■ Material to process ■
- - -

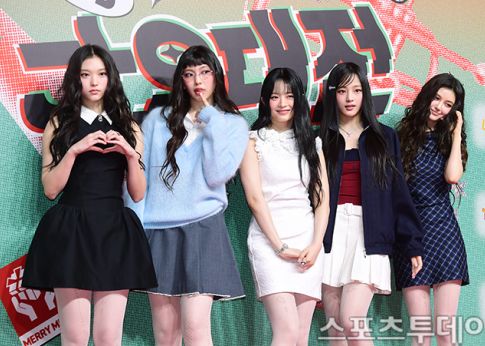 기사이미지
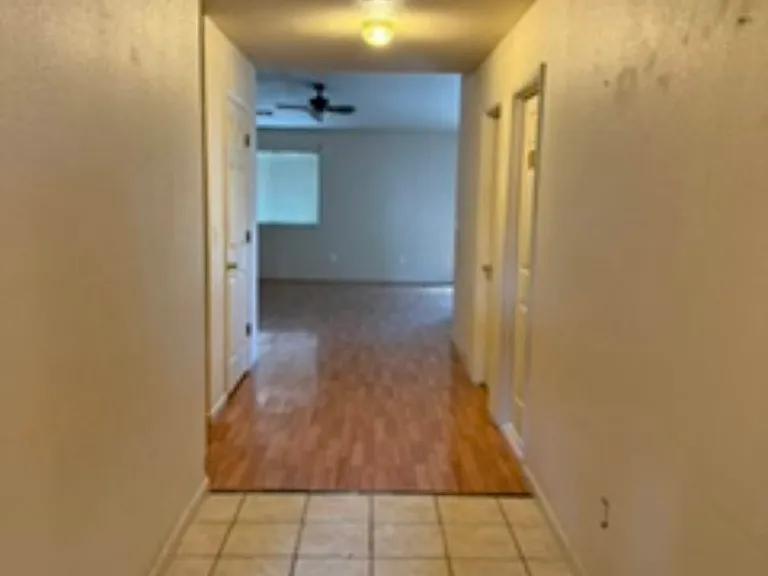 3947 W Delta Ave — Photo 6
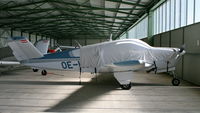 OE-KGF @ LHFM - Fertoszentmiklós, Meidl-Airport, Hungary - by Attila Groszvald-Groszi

- - -

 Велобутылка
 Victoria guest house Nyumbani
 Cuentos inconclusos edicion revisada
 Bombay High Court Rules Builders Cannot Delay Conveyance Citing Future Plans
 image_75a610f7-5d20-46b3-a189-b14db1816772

- - -

■ What you are asked to do ■
Would you copy, unchanged, the stretch of the records above that begins at the line containing "Велобутылка" and ends at the line containing "image_75a610f7-5d20-46b3-a189-b14db1816772", and only that?

■ Output ■
 Велобутылка
 Victoria guest house Nyumbani
 Cuentos inconclusos edicion revisada
 Bombay High Court Rules Builders Cannot Delay Conveyance Citing Future Plans
 image_75a610f7-5d20-46b3-a189-b14db1816772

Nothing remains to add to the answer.